Local Strategic Partnerships

Volume 447: debated on Friday 16 June 2006

To ask the Secretary of State for Communities and Local Government what plans she has to increase the powers available to local strategic partnerships. (77107)

LSPs, outside those areas receiving neighbourhood renewal funding, are currently entirely voluntary and therefore do not have any powers of their own.

The Office of the Deputy Prime Minister (now Department for Communities and Local Government) undertook a consultation “Local Strategic Partnerships: Shaping their Future” from December 2005 to March 2006 which looked at the future of all LSPs, focusing on their role, accountability and capacity. As part of this consultation we proposed formalising the role of LSPs and ensuring the involvement of key agencies through establishing duties to co-operate with the local authority on named local delivery agencies. The results of the consultation are now being evaluated and decisions on whether this legislative option will be pursued will need to be taken in due course.

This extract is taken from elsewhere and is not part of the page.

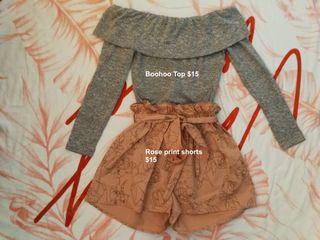 Grey marle off the shoulder bodysuit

To ask the Secretary of State for Communities and Local Government how many local strategic partnerships are chaired by (a) an hon. Member, (b) a councillor, (c) a directly-elected mayor and (d) a representative from the (i) public sector, (ii) voluntary sector and (iii) business sector. (77181)

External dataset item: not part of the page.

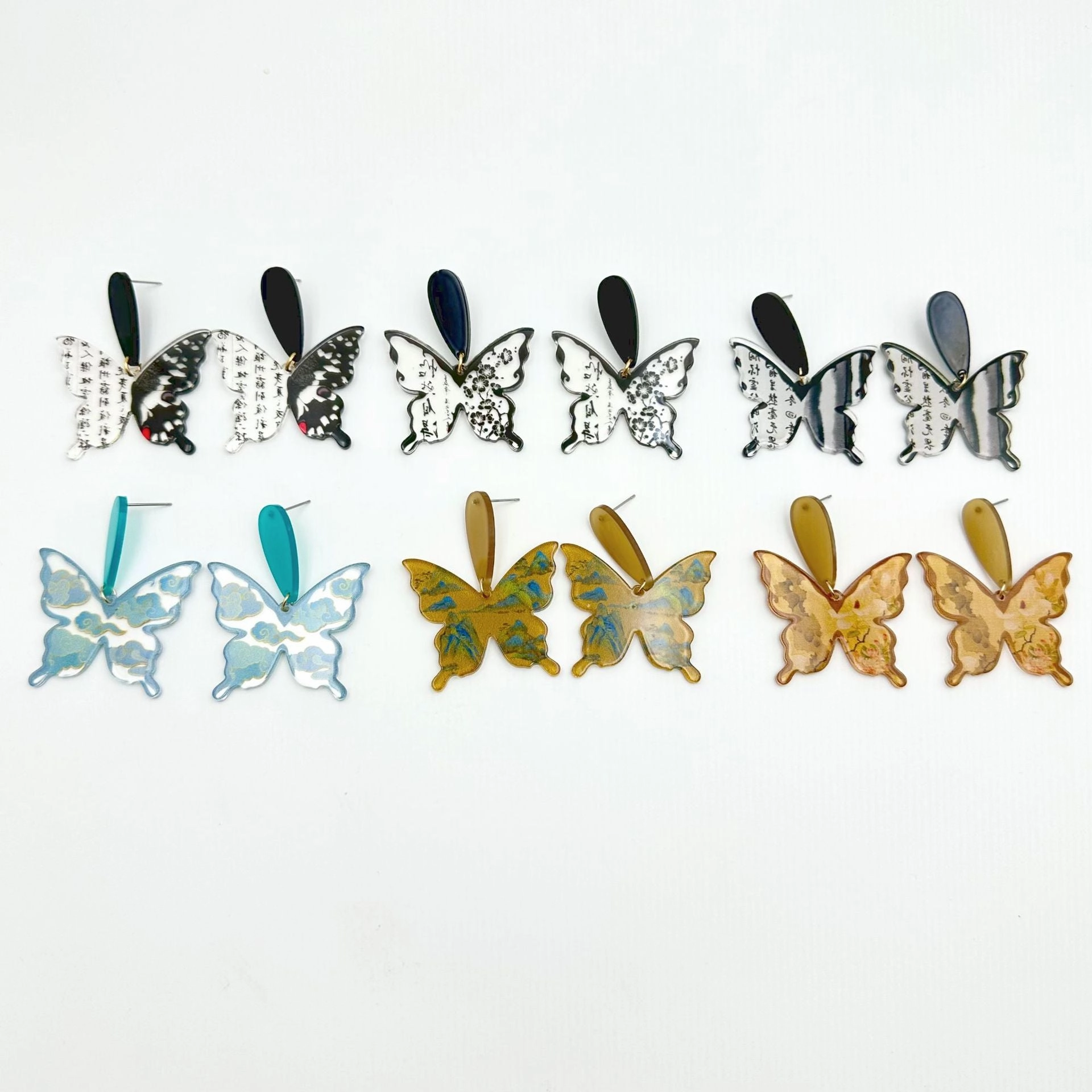 Wallesar Ink Butterfly Calligraphy Antique Earrings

Outside areas receiving neighbourhood renewal funding, LSPs are voluntary partnerships and hence are not monitored on an individual basis by the Department. However, we do evaluate all LSPs on a national basis and therefore are able to give indicative answers to these questions. The last evaluation of LSPs was conducted in 2004 (National Evaluation of Local Strategic Partnerships: Report on the 2004 Survey of all English LSPs ODPM 2005). This indicated the following split in LSP chairs:

Percentage

Elected members

46

Local authority officers

7

Other public sector agency officers

16

Private sector representative

11

Voluntary and community representative

11

The question as to whether MPs or directly-elected mayors chaired LSPs was not specifically asked.